Cada vez mais grandes corporações maximizam seus lucros operando contra o interesse público e contra o interesse do consumidor
Estado de São Paulo, 20/12/2020
Os governos dos países mais avançados economicamente estão assustados com o crescimento do poder econômico e político das big techs.
Elas não apenas produzem lucros impressionantes, como, também, controlam praticamente metade da população mundial.
Sabem tudo sobre os hábitos de cada um, o que veste, o que come, o que faz nas horas de trabalho ou de lazer, qual orientação política segue e, obviamente, o que pretende comprar. E como esse controle vale muito dinheiro, somam mais riquezas às muitas que já possuem.
Além disso, manobram para acabar com a concorrência, desestimulam o desenvolvimento de outras empresas que rodeiam seu terreiro, pagam o mínimo de impostos onde atuam e contratam os melhores escritórios de advocacia para enfrentar qualquer pendenga judicial…
Há duas semanas, o mais prestigiado colunista econômico do mundo, o inglês Martin Wolf, do Financial Times, escreveu artigo em que demonstra que um dos maiores economistas do século 20, o norte-americano Milton Friedman, da Universidade de Chicago, estava totalmente equivocado quando em publicação de 1970 escreveu que “a responsabilidade social da empresa consiste em aumentar seus lucros”.
O ponto de vista de Friedman é o de que os bons lucros são as melhores indicações de que uma empresa atende ao interesse público. Se vende mais e lucra mais é porque responde adequadamente às necessidades do consumidor. Se deixasse de suprir o consumidor, seus produtos ou serviços encalhariam, a empresa deixaria de faturar e acabaria por ser alijada do mercado. Ela só tem de respeitar os reguladores e os contratos e seguir apresentando resultados para seus acionistas.
Martin Wolf aponta para outra direção. E, para isso, se apoia num livro recente publicado por Stigler Center (Milton Friedman, 50 years later), no qual fica demonstrado que as grandes empresas aumentam, sim, cada vez mais seus lucros, mas operam contra o interesse público e contra o interesse do consumidor.
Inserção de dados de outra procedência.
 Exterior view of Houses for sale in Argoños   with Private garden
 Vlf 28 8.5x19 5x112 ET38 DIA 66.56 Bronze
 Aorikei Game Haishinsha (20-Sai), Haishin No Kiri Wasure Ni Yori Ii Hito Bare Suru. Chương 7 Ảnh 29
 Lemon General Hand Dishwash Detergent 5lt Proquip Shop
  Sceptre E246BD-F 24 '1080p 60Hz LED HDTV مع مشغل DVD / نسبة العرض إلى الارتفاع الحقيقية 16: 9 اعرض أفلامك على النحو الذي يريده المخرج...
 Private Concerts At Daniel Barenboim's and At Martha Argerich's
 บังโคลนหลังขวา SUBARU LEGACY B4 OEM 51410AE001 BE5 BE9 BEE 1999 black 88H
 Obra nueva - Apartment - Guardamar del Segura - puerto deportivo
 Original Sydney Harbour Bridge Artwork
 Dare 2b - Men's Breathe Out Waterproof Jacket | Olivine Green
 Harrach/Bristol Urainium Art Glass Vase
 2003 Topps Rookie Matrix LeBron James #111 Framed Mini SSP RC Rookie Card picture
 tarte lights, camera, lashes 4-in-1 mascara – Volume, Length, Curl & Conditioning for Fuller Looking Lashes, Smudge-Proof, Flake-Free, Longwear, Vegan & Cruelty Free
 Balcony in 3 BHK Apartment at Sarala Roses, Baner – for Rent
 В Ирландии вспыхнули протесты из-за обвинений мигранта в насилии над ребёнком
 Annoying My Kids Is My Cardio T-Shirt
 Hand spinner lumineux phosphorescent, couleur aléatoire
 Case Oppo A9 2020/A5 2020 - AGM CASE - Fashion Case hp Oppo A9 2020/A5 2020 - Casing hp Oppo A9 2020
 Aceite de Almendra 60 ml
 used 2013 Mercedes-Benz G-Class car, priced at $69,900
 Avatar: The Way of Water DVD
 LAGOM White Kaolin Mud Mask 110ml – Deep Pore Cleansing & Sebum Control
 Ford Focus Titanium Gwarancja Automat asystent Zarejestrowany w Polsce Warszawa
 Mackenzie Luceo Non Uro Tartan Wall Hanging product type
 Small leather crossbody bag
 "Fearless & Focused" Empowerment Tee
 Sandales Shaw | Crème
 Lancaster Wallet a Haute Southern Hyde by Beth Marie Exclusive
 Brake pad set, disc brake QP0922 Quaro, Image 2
Apenas em reforço ao que ficou dito acima, elas destroem o ambiente competitivo; ganham enormes economias de escala e, nessas condições, impõem seus preços; têm acesso às fontes mais baratas de capital; fogem o quanto podem do recolhimento de tributos e das regulações, na medida em que transferem suas sedes para paraísos fiscais, contratam os melhores especialistas em administração tributária e impõem cláusulas draconianas nos seus contratos.
Ainda passaram a ter importante controle sobre as regras do jogo, ao passo em que lobbies poderosos trabalham para moldar as leis e regulamentações a seu favor. E, porque contribuem copiosamente para financiamentos de campanha ou conseguem corromper funcionários públicos, passam a ter imenso poder político.
Se estivesse vivo, muito provavelmente Milton Friedman acabaria por rever sua tese que tanto impacto teve nos empresários. Mas dificilmente apresentaria recomendações de fácil implantação para mudar as regras desse jogo desigual, que eleva as grandes corporações para níveis que pairam acima do bem e do mal.
Na teoria, a proposta para começar a virar esse jogo talvez não esteja tão distante. Trata-se de levar os Estados a exercer o controle sobre essas fontes de poder que tendem a sabotar a própria capacidade de governar.
O problema é que nenhum governo sozinho seria capaz de impor suas condições. Antes mesmo da crise de 2008, as grandes corporações financeiras fizeram o diabo com as aplicações dos seus clientes, sem que nenhum organismo regulador interviesse nas pirâmides financeiras que empobreceram as classes médias. Até agora, nenhum país conseguiu cobrar impostos sobre as operações das gigantes de tecnologia.
Há anos, o G-20 tenta um acordo mínimo sobre a tributação desses capitais colossais, mas não consegue avançar. Os países são, por exemplo, contra a existência e a atuação dos paraísos fiscais dos outros países, mas não contra as de seus próprios. Os Estados Unidos não aceitam a taxação de suas big techs, pois entendem que invadiria seu próprio espaço tributário.
Ou seja, enquanto não houver amplo acordo entre governos, parece improvável que essas S.A., as gigantescas corporações e outras mais, possam ser controladas pelo poder público.